If your business regularly deals with third-party shipments, export consignments, or relies on ERP/API-based e-Way Bill generation, these changes directly affect how your systems capture and validate data. This post breaks down both FAQ sets in plain language, so you know exactly what to update before the go-live date.

Part 1:

Mandatory Capture of the Ship-to Field

What is changing

Until now, many businesses treated the Ship-to GSTIN as an optional detail. Under the revised framework, whenever the Ship-to party is a registered person, the Ship-to GSTIN becomes a mandatory field for Bill-to/Ship-to and Combination transactions.
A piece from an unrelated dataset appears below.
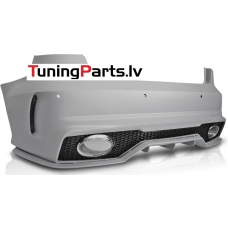 Audi A3 8V (12-16) aizmugurējais bamperis RS style ar PDC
Where the Ship-to party doesn’t have a GSTIN, businesses can enter “URP” (unregistered person) instead.

The stated objective is to strengthen traceability of goods movement and give authorised tax officers a stronger audit trail when goods are billed to one party but delivered to another.

Understanding the four transaction types

GSTN has classified all EWB transactions into four categories, and only two of them require a Ship-to GSTIN:

  • Regular transaction – Billing and delivery happen between the same two parties. No Ship-to GSTIN is needed.
  • Bill-to/Ship-to transaction – The invoice goes to the buyer, but goods are delivered to a third party on the buyer’s instruction. Ship-to GSTIN is mandatory here (or “URP” if unregistered).
  • Bill-from/Dispatch-from transaction – Goods are dispatched from a third-party location but delivered to the buyer itself. Since the buyer is already the Bill-to party, no separate Ship-to GSTIN is required.
  • Combination transaction – Both scenarios apply together: goods move from a third party to a fourth party. Ship-to GSTIN is mandatory for the fourth party.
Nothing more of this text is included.